In the remote communities served by the Senja network analyzed in this paper, there are still no services available for predicting the energy demand [23]. We evaluate approaches to forecasting energy demand based on both statistical and machine learning-based approaches to project future energy demand from historical data. The total energy demand is characterized by a combination of load profiles from two sectors (households and industry) that exhibit very different consumption profiles and require dedicated forecast models. Unlike energy load profiles in cities and residential communities, where the household sector is the main contributor to the total energy consumption, the total load profiles for the remote communities analyzed here are dominated by industry [30]. Industrial activities are therefore essential to consider when developing an accurate forecasting model.
The contribution of our work is twofold. First, we investigate which model achieves the best performance in predicting the energy load in rural areas, as a function of the forecast horizon. Our analysis evaluates several statistical and machine learning approaches.
Secondly, we analyze the transferability of each prediction model, in terms of the capability of predicting time series of energy demand at different locations within the Senja electricity grid. Our study provides important insights about the possibility of applying the models considered in our study to new geographical sites.
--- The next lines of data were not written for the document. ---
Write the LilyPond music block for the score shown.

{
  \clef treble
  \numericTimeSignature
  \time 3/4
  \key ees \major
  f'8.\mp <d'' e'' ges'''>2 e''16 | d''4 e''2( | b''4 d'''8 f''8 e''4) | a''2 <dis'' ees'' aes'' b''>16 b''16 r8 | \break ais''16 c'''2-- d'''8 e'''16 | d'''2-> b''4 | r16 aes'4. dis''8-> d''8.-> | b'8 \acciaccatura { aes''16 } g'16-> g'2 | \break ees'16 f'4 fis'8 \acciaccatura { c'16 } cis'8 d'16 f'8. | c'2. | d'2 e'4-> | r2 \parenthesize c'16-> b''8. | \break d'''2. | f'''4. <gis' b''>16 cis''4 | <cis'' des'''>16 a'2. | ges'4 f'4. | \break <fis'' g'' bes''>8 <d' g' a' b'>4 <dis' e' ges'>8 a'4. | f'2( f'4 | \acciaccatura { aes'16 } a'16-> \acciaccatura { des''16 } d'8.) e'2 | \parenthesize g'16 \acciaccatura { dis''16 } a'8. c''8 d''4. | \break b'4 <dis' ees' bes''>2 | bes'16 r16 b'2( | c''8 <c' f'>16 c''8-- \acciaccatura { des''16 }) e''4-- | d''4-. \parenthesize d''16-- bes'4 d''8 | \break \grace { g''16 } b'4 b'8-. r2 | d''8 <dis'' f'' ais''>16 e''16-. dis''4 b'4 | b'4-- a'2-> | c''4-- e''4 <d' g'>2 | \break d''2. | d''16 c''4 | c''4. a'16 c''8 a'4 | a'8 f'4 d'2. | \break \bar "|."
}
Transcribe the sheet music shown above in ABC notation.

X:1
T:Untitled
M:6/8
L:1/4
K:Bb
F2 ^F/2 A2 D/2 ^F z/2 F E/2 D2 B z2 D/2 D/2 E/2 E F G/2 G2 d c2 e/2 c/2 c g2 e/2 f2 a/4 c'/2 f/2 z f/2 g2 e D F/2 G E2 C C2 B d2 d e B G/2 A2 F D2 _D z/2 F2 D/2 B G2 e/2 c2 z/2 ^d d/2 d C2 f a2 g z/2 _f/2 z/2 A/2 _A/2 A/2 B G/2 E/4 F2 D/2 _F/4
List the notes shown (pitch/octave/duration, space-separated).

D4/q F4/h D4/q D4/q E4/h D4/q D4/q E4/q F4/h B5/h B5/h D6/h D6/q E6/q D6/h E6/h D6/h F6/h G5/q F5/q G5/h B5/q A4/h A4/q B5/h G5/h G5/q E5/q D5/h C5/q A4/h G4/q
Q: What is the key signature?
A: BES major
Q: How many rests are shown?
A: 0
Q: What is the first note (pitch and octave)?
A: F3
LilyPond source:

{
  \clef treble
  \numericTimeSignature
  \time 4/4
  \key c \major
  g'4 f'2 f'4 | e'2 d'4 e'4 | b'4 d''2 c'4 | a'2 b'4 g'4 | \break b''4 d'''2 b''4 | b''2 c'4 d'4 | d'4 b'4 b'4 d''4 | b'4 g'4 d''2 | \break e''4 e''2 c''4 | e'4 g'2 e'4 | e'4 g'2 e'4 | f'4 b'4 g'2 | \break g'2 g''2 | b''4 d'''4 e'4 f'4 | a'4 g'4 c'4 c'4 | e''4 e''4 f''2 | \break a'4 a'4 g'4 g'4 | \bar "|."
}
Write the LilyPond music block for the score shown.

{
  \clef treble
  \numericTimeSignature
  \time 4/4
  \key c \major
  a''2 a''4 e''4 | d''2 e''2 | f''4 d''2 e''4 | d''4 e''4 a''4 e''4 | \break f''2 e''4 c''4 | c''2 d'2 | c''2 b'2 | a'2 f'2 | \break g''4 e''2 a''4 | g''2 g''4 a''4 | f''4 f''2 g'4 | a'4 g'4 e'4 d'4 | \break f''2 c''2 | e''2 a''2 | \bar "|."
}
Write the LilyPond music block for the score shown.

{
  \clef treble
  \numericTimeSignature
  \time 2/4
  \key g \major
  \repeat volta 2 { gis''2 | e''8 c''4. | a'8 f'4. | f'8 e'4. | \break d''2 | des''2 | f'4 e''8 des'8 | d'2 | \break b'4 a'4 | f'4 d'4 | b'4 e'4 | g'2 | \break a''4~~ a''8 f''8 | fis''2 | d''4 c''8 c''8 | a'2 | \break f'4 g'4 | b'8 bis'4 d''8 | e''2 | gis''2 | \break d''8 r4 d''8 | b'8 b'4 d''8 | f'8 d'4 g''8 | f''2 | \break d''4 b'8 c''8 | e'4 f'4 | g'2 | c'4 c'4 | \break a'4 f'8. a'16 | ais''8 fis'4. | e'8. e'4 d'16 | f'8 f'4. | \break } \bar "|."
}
2. Background and Related Work

The energy load profiles are typically represented by time series that describe the dynamics of the underlying energy distribution system and are characterized by typical human-based seasonal and cyclic consumption patterns. Indeed, load patterns can vary significantly depending on the observation period, the nature of each system, and external factors such as climate and weather. Achieving accurate load forecasting has been one of the principal foci in several research areas. Different models have been proposed, each one characterized by different properties in terms of complexity and effectiveness in predicting on different forecasting horizons [31,32,33].
In this paper, we examine several approaches to predict energy consumption on both short and longer forecasting horizons. Two different forecasting methodologies are used, one statistical-based method, and one method based on neural networks.

2.1. Statistical Methods

For the statistical method, two different approaches were investigated. First, we consider the statistical Autoregressive Integrated Moving Average (ARIMA) model, which has been a baseline tool in prediction problems for several years [34]. The ARIMA model is well known for its simplicity of implementation and high accuracy in predicting long forecasting horizons [35]. The second approach is a newer statistical model called Prophet. Prophet is a tool that has recently gained popularity due to its simplicity and flexibility when performing predictions [36].
ARIMA models require an elaborated statistical analysis to optimize the model configuration [37]. Moreover, ARIMA models make strong assumptions about the nature of the underlying dynamical system that generates the observed time series. This usually introduces strong biases that, in some cases, might be wrong and will hinder the accuracy of the predictions [38]. In the study by Taylor [35], the ARIMA predictions at longer forecasting horizons were shown to outperform more complex models in terms of accuracy. In Reference [39], short-term load forecasting with window-based ARIMA algorithms was applied to predict electricity consumption to optimize the available energy supply. The study concluded that it is sufficient to consider daily consumption data and aggregated hourly coefficients of daily profiles to obtain accurate short-term predictions by use of the sliding window-based forecasting algorithms proposed by the authors. In the study by Bianchi et al. [40], the authors proposed a comparative study for heat demand forecasting in a real-world case. The authors tested ARIMA models on different load time series and the results showed that the ARIMA models can perform accurate predictions on long-term horizons.
Prophet is implemented as an open-source library designed for making predictions on univariate time series [36]. The library is easy to use and allows the identification of optimum hyperparameter configurations for the model that will make a forecast of the time series. The Prophet library offers a practical prediction tool that can be used by analysts without expertise in time series modeling. In the original paper [36], the authors compare the Prophet method against several automated forecast procedures such as ARIMA, exponential smoothing models, random walk model with weekly seasonality, and a TBATS model with both weekly and yearly seasonality. The result shows that the Prophet forecasts result in lower prediction errors.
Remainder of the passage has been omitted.